First off - Yoga and zen are fairly close in nature, I agree. Especially when we come at each as a spiritual tool or as a healthly tool or as something to market. From my point of view this progression goes from best to better to bad.
Secondly - With the relative anonymous nature of the internet we do have the ability to say things that we wouldn't ordinarily say in real life. I try to temper this by realizing that if I wouldn't say it in a conversation (or arguement) I shouldn't say it online. Which has led me to the belief that I may just be an argumentative ass (it has been stated before). I don't agree with the removal of or worst (and sometimes) most honest comments. We learn from them and we learn to argue better or at least to be more accepting of others.
I leave my dirty laundry out in the wind at least to teach me that lesson (when others don't do it for me).
Cheers,
Hi Jack,
I totally agree that we learn from the messy and nasty comments. I'm not one for censorship, which maybe comes as a surprise to those who might link my political views with that kind of agenda. I routinely go back to the comment the Dalai Lama made about the Chinese being his best teachers. If you try and block out or eliminate from your life that which you most dislike, you're bound to suffer all the more.
Best,
Nathan
Nice take on this, Nathan. Stephen Cope has an interesting bit on raja yoga and Buddhism (their parallels and differences) in the back of his book, The Wisdom of Yoga.
By the way - as an aside: since my post on headstand and bakasana, I made it up into both handstand and forearm balance (at the wall) in Sunday's class - to my complete shock! Doing headstand opened the door to my internal knowledge of myself, the bodily instinct that I had the strength and skill to do these poses - and feel good in them - in spite of the tricks of my mind. And then they became possible for me! What other unaccessed potentials are inside?!
Good luck with your practice - on the mat and everywhere. May many things become possible! :)

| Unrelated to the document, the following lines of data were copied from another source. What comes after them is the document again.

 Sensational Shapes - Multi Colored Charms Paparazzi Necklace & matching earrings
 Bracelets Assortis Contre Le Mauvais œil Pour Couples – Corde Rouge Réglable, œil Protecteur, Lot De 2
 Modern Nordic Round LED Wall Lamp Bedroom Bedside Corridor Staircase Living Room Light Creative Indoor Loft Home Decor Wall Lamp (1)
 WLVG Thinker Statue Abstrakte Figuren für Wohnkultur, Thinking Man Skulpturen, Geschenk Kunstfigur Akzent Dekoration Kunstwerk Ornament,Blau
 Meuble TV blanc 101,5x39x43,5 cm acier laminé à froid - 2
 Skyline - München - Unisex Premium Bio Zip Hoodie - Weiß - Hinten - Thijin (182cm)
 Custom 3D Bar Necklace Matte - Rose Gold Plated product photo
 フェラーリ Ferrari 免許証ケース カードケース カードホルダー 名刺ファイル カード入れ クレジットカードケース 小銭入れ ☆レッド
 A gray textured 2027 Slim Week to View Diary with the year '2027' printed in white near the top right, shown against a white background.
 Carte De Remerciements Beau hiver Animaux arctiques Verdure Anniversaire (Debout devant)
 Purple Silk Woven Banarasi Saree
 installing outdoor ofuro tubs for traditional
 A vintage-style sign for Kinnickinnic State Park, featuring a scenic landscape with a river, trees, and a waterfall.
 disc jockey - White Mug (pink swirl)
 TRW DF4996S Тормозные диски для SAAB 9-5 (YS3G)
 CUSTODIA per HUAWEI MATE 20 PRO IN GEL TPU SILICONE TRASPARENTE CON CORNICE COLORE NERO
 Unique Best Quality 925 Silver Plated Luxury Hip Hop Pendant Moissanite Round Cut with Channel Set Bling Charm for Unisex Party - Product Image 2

"I made it up into both handstand and forearm balance (at the wall) in Sunday's class - to my complete shock! Doing headstand opened the door to my internal knowledge of myself, the bodily instinct that I had the strength and skill to do these poses - and feel good in them - in spite of the tricks of my mind." Excellent! Way to go! I did handstand after reading your post, but didn't stay up too long. And this week has been terribly exhausting, so I've mostly been doing "easy" backbends, and restorative stuff. I'll get back to those wiley inversions soon!